**Required action:** Write out exactly the lines from the one with "F.4 Der Empfang" through the last line of the data below, but not the pictures.

**Exercise data:**
=== Begin Enclosure ===
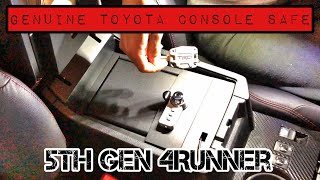 【TRD³⁶】 Secure Your Valuables 4Runner TRD Console Safe 🚗🔒 [upl. by Cirtap]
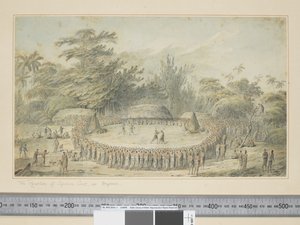 F.4 Der Empfang von Captain Cook in Hapaee, ca. 1773-84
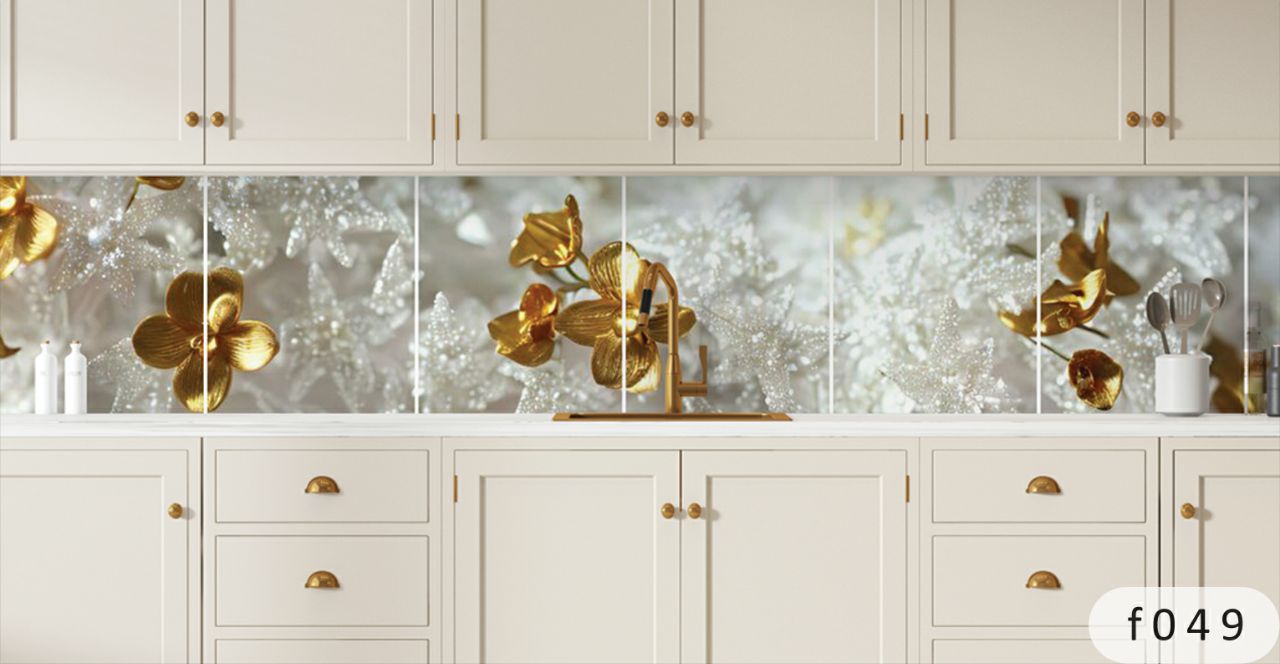 بین کابینتی طرح گل 3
=== End Enclosure ===
**Task solution:**
 F.4 Der Empfang von Captain Cook in Hapaee, ca. 1773-84
 بین کابینتی طرح گل 3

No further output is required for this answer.